With this feature, code changes above done manually are not required any more. Intel® Extension for PyTorch\* optimizations will be applied automatically during execution in a monkey patch way. 
* Automatically import `intel_extension_for_pytorch` package: It applies Intel® Extension for PyTorch\* optimizations, such as: `torch.embedding_bag`, `torch.cpu.amp.autocast`. It also registers Intel® Extension for PyTorch\* JIT fusion pass and thus benefits the graph mode inference performance.
* Automatically apply `ipex.optimize()` function. Only features enabled by default parameter values are supported, such as:
    * Auto generate FX or Jit Graph.
    * Auto Channel Last convert.
    * Conv-Bn folding.
    * Weight prepack.
    * Replace dropout with identity.
    * Optimize LSTM.
* Automatically apply `torch.cpu.amp.autocast` with BFloat16 data type for inference.

## Example Usage with HuggingFace
Let's take the [QA case](https://github.com/huggingface/transformers/tree/main/examples/pytorch/question-answering) in HuggingFace as an example.

### The origin command with ipex launch
Here is the command to run with [`ipexrun`](../performance_tuning/launch_script.md).
```
clear && ipexrun --memory-allocator default --ninstances 2 --ncores-per-instance 28 run_qa.py --model_name_or_path bert-base-uncased --dataset_name squad --do_eval --per_device_train_batch_size 12 --learning_rate 3e-5 --num_train_epochs 2 --max_seq_length 384 --doc_stride 128 --output_dir /tmp/debug_squad/
```

### Command to apply ipex optimization for FP32
Added `--auto-ipex`
```
clear && ipexrun --memory-allocator default --ninstances 2 --ncores-per-instance 28 --auto-ipex run_qa.py --model_name_or_path bert-base-uncased --dataset_name squad --do_eval --per_device_train_batch_size 12 --learning_rate 3e-5 --num_train_epochs 2 --max_seq_length 384 --doc_stride 128 --output_dir /tmp/debug_squad/
```

### Command to apply ipex optimization for BF16
Added `--auto-ipex --dtype bfloat16`
```
clear && ipexrun --memory-allocator default --ninstances 2 --ncores-per-instance 28 --auto-ipex --dtype bfloat16 run_qa.py --model_name_or_path bert-base-uncased --dataset_name squad --do_eval --per_device_train_batch_size 12 --learning_rate 3e-5 --num_train_epochs 2 --max_seq_length 384 --doc_stride 128 --output_dir /tmp/debug_squad/
```

## Use Case not supported
### Module uses forward method explicitly instead of the `__call__` attr 
```
import torch
class DummyModule(torch.nn.Module):
    def __init__(self,):
        super(DummyModule, self).__init__()
        self.input1 = torch.randn(1, 3, 224, 224)
        self.conv = torch.nn.Conv2d(3, 64, kernel_size=(7, 7), stride=(2, 2), padding=(3, 3))
        self.bn = torch.nn.BatchNorm2d(64, eps=1e-05, momentum=0.1, affine=True, track_running_stats=True)

    def forward(self, x):
        return self.bn(self.conv(x))

    def customized_forward(self, x):
        return self.bn(self.conv(x))

# Method1 will success
DummyModule()(input)
# Method2 will fail to apply ipex.optimize in the top-level model
DummyModule().customized_forward(input)
```
If a model uses forward method explicitly instead of the `__call__` attr, we are unable to hook the execution of this model. As result, we are unable to auto apply the optimizations to this `DummyModule()`.
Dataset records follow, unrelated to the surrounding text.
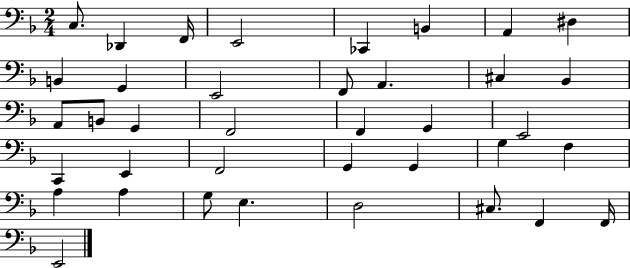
X:1
T:Untitled
M:2/4
L:1/4
K:F
C,/2 _D,, F,,/4 E,,2 _C,, B,, A,, ^D, B,, G,, E,,2 F,,/2 A,, ^C, _B,, A,,/2 B,,/2 G,, F,,2 F,, G,, E,,2 C,, E,, F,,2 G,, G,, G, F, A, A, G,/2 E, D,2 ^C,/2 F,, F,,/4 E,,2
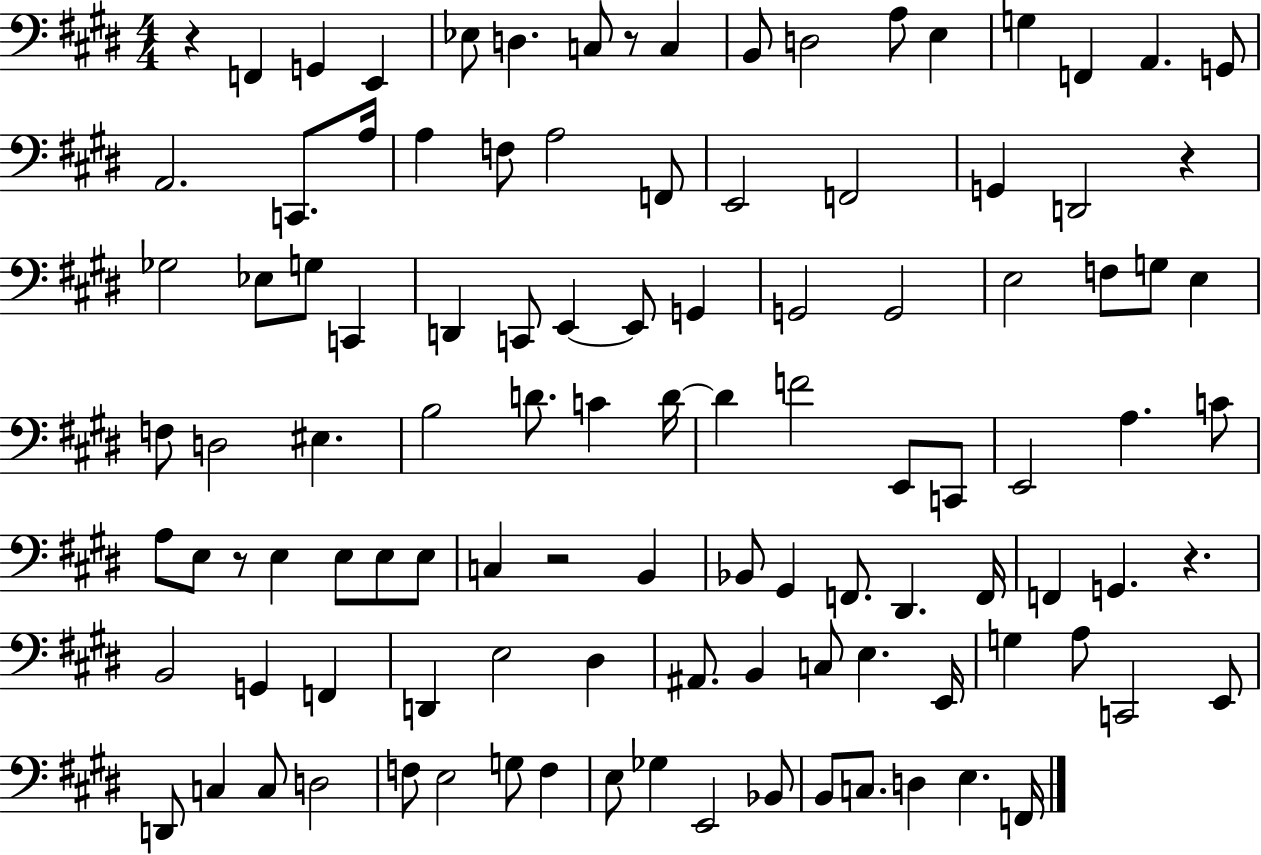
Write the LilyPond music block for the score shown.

{
  \clef bass
  \numericTimeSignature
  \time 4/4
  \key e \major
  r4 f,4 g,4 e,4 | ees8 d4. c8 r8 c4 | b,8 d2 a8 e4 | g4 f,4 a,4. g,8 | \break a,2. c,8. a16 | a4 f8 a2 f,8 | e,2 f,2 | g,4 d,2 r4 | \break ges2 ees8 g8 c,4 | d,4 c,8 e,4~~ e,8 g,4 | g,2 g,2 | e2 f8 g8 e4 | \break f8 d2 eis4. | b2 d'8. c'4 d'16~~ | d'4 f'2 e,8 c,8 | e,2 a4. c'8 | \break a8 e8 r8 e4 e8 e8 e8 | c4 r2 b,4 | bes,8 gis,4 f,8. dis,4. f,16 | f,4 g,4. r4. | \break b,2 g,4 f,4 | d,4 e2 dis4 | ais,8. b,4 c8 e4. e,16 | g4 a8 c,2 e,8 | \break d,8 c4 c8 d2 | f8 e2 g8 f4 | e8 ges4 e,2 bes,8 | b,8 c8. d4 e4. f,16 | \break \bar "|."
}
### Already using `ipex.optimize`
User already invokes `ipex.optimize` in script is not targeted for this feature. The behaviour as repeated invoking of `ipex.optimize` is not defined. The second invoking of `ipex.optimize` for the same module will fail with error message to avoid this behaviour.

### Already using Jit Trace
For Jit trace case (as below example code) is not planned to support at first stage:
```
import torch
model = Model().eval()
traced_model = torch.jit.trace(model, x).eval()
traced_model = torch.jit.freeze(traced_model)
with torch.no_grad():
    for input in dataloader():
        traced_model(input)
```
For 2 reasons:
* The auto graph mode support has already been included in `ipex.optimize` with graph first API in 1.13.
* Extra launch parameters and Monkey patches are needed to support above case. We will focus on the feasibility of first use case in TorchVision and HuggingFace workloads.